Let us finish the proof of Lemma 1. Recall that the constructed chain C contains n + 1 tuplessssssssss of the cube {0, 1}ⁿ. The circuit outputs the same value on all tuples of C such that there are no first non-zero gates on them with respect to a corresponding set. Denote this value by a ∈ {0, 1}. There exists a first non-zero gate on any tuple of the chain on which the circuit outputs 1 − a. The function f(x₁, …, x_n) takes value 1 on k(f) tuples of this chain and value 0 on n + 1 − k(f) tuples. There are two possible cases.

1. If a = 0, then for any tuple on which the circuit outputs 1 there exists a first non-zero gate in the circuit. That is, there are first non-zero gates on k(f) tuples of the chain C. By Lemma 6, all these gates are different. Therefore, L(S) ⩾ k(f).

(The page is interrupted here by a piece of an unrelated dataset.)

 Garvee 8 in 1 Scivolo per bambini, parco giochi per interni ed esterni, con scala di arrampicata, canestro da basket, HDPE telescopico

2. If a = 1, then for any tuple on which the circuit outputs 0 there exists a first non-zero gate in the circuit. That is, there are first non-zero gates on n + 1 − k(f) tuples of the chain C. Similarly, by Lemma 6, we obtain: L(S) ⩾ n + 1 − k(f). Moreover, the last circuit gate e_s is not the first non-zero one, i.e. if there is a first non-zero gate on a tuple, then the circuit outputs 0 on it, and the gate e_s as well. Therefore, L(S) ⩾ n + 2 − k (f).

We have shown that L(S) ⩾ min k(f), n − k(f) + 2. Since the circuit S is arbitrary, we obtain the similar inequality for L(f). Lemma 1 is completely proved.